You are quite correct - if you are not available for full time work, you can't receive payment. The girl you spoke to is wrong, and in signing the form you have agreed with what she put down. You should go back and have it changed.


----------



## pat127 (8 Aug 2007)

Mrst said:


> Hi, I am completely confused!! I left full time employment in mid June to become a full time mum. I called to the local social welfare office today to try to sign for credits - not wanting all my years of stamps to just disappear. I was given a job seekers form and although I explained that I was only signing for credits the girl behind the desk put on the form that I was laid off and seeking work. She said I would be entitled to 15 months of payments based on my PRSI payments for 2005/06. My husbands weekly pay after tax each month is about €1k - will I be means tested or automatically get a basic payment. When I left my job I assumed I was entitled to nothing at all. Years ago I had to fight to get anything when I was laid off, have things changed that much in 5 years??



In case it's relevant, take a look at the Homemaker's Scheme at

http://www.welfare.ie/publications/sw1.html

Note the reference to the Note about getting credits automatically if you are in receipt of Child Benefit.


----------



## gipimann (8 Aug 2007)

In order to sign for credits only, you must also be available for and seeking work:

In order to be entitled to Unemployment Credits, a person
must be available for full-time employment, capable of work
and must also be genuinely seeking work. The additional
requirement to be genuinely seeking work for the award of
credits while unemployed is effective from 27 August 2003.

(from Welfare Website - http://www.welfare.ie/foi/creditsaward.html#7 )


----------



## Welfarite (9 Aug 2007)

You are signing a statement that you are available for work when clearly you are not. The girl might have thought you were because you asked to sign for credits without knowing the conditions to do that. You can't "Only sign for credits". Ring them and ask them to cancel your claim adn confrim that in writing.


----------



## Trish2006 (9 Aug 2007)

Does anyone know what defines genuinely seeking work?  I'm in a similar position, #2 due soon and I don't think it'd be feasible in either a commuting/financial aspect for me to continue with my current job (no possibility of part time in current job and highly unlikely to get part time in a diff co, not in my industry).  However, I'd rather keep working than abandon the career that I've spent 10 years in and 4 years studying for.  But how choosy do you get to be in 'seeking work'.  It would have to pay enough that I'd make an acceptable amount of money on it after childcare costs, and it would have to be local instead of city centre based because of traffic and the fact that the train station car park is now full before the creche opens, so that option that I used to use is now gone.  The only reason I'm managing at the moment is because it's summer and traffic/parking is lighter.  Is it acceptable to only accept a job that suits, i.e. if I got offered something like what I have now, I'd have to turn it down.  Would that be seen as not genuinely seeking work?  I've paid enough taxes over the years and feel if I'm entitled to job seekers benefit then I should avail of it.  Also, if I don't get anything after a certain period then I understand that I could probably avail of Fas (or whoever) retraining, possibly in an area that would be more suitable to local/part time work.
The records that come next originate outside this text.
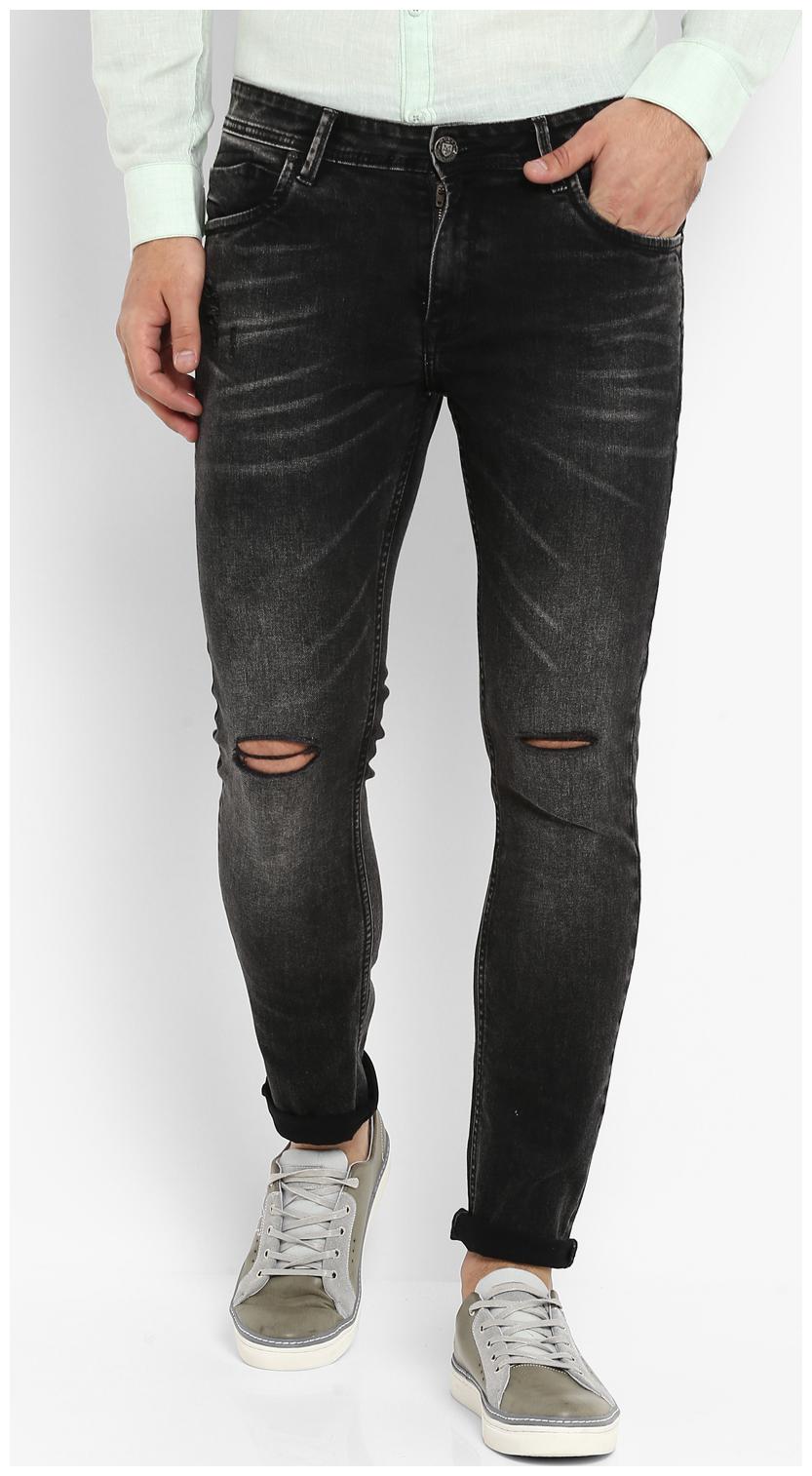 

Mufti Men Black Skinny Fit Jeans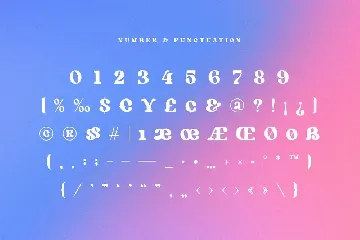 Rainbow - Modern Vintage Font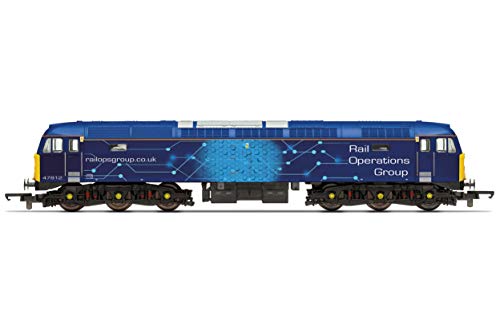 Lokomotive RailRoad Plus ROG, Klasse 47, Co-Co, 47812, Epoche 11, Blau von Hornby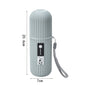 Portable Toothbrush & Toothpaste Holder Case – Travel Storage Box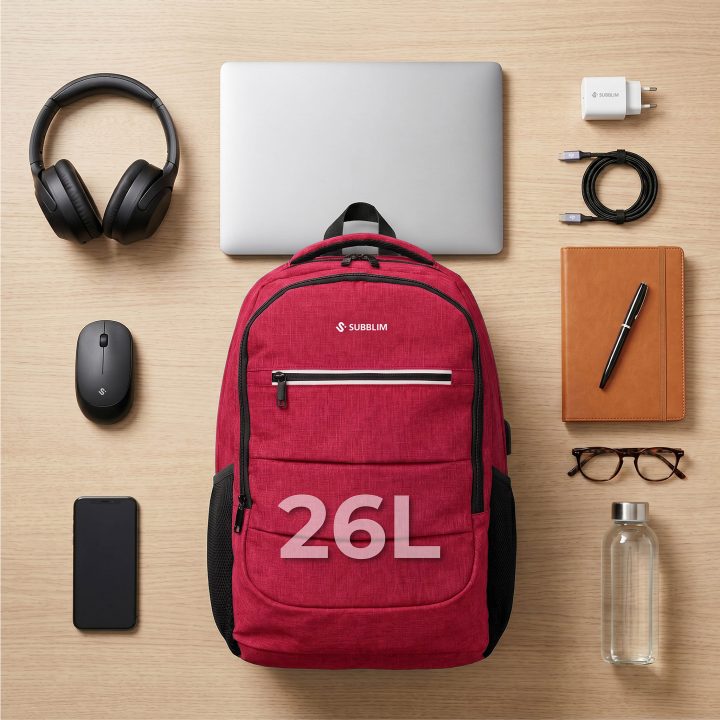 Subblim City Plus Backpack 16" 26L Red (SUBBP-2CPB103)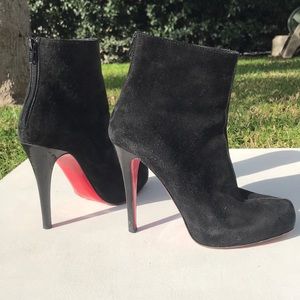 Black Christian Louboutin platform booties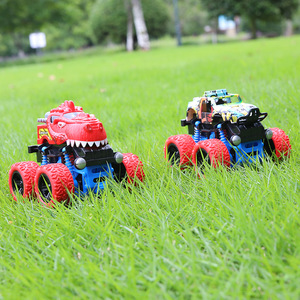 Juguete de Dinosaurio Todoterreno, Auto de Acrobacias con Tracción en las 4 Ruedas, Accionado por Fricción, para Niños de 5 a 7 Años, Juego Educativo al Aire Libre - Product Image 1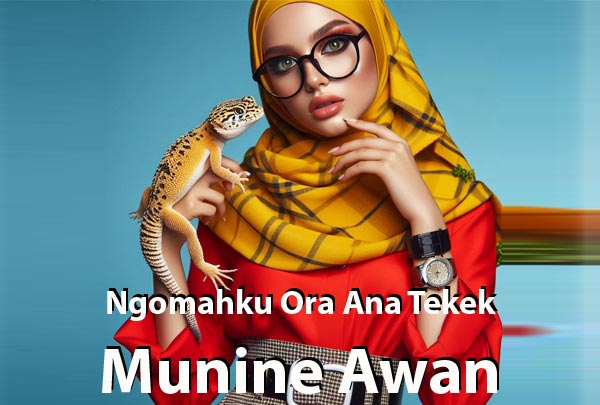 ngomahku ora ana tekek munine awan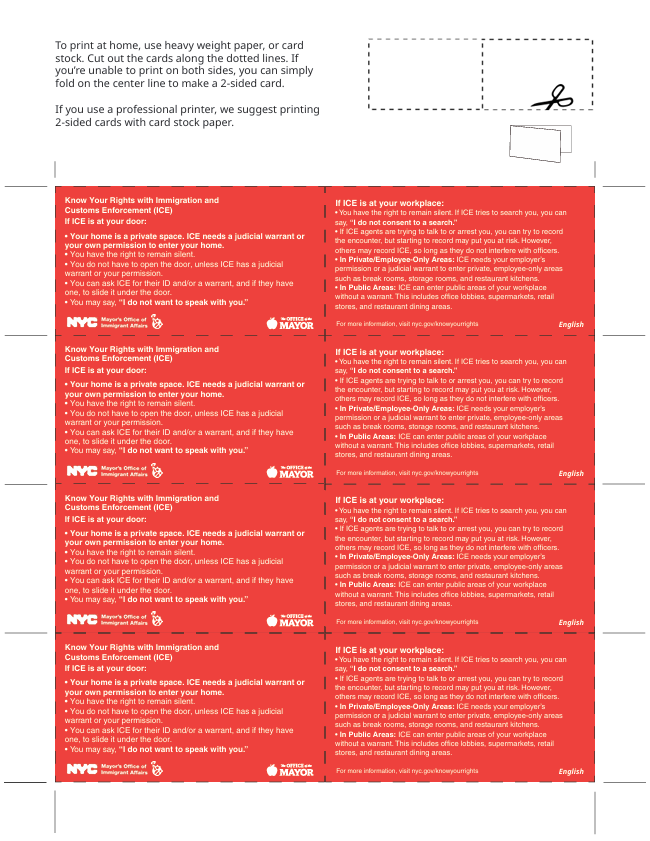 Red Cutout Printable Flyer
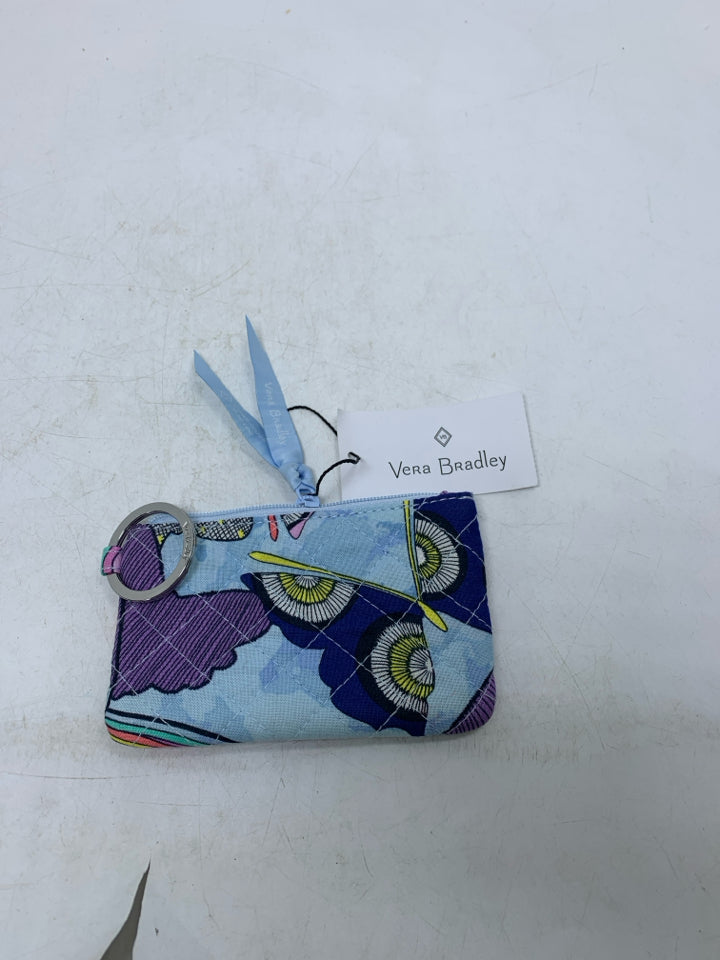 Vera Bradley Zip ID Case in Butterfly By- New With Tags
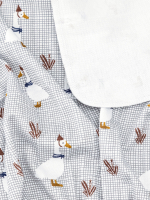 Сет из 3х пелёнок Mjölk Гуси/Fog/Звёзды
Anyone been there, done that?


----------



## Welfarite (9 Aug 2007)

If it's definitionsa you want, t's all here folks!!!!!!  http://www.welfare.ie/foi/jb_jobseekben.html


----------



## Trish2006 (9 Aug 2007)

Great link, thanks.  Looks like it's down to a deciding officer to decide if you get it or not.


----------



## Welfarite (9 Aug 2007)

Yep, and they're human too!


----------



## Mrst (10 Aug 2007)

Thanks for all the replies, I am going to call in tomorrow and have a chat with them again, I didn't know that unemployment benefit/ assistance "the dole" was renamed - God I am so not with all this social welfare terminology. I also thought I could sign to keep my credits or stamps or whatever they are called. I have no intention of returning to work for another 2 or 3 years and left a grand old job to become a full time mammy. Am I going to get the lady at the front desk in trouble for this? I hope not. Also hubbie does not want anybody from the social welfare office looking into his financial business - he was as clued into this whole thing as me. All I know is that I went in not expecting anything and knowing very little and now I am more confused than ever and to top it all a recruitment agency rang me this morning offerring me a part time position. The plot thickens.


----------



## ClubMan (10 Aug 2007)

Mrst said:


> I also thought I could sign to keep my credits or stamps or whatever they are called. I have no intention of returning to work for another 2 or 3 years and left a grand old job to become a full time mammy.


So _Jobseekers Benefit/Allowance _is not certainly relevant if you are not available for and actively seeking work as pointed out earlier so the _Homemaker's Scheme _mentioned earlier is most likely what you need. 





> Also hubbie does not want anybody from the social welfare office looking into his financial business


 Er, why?


> and to top it all a recruitment agency rang me this morning offerring me a part time position.


 Presumably irrelevant if, as you say...


> I have no intention of returning to work for another 2 or 3 years and left a grand old job to become a full time mammy.





> The plot thickens.


 What plot?


----------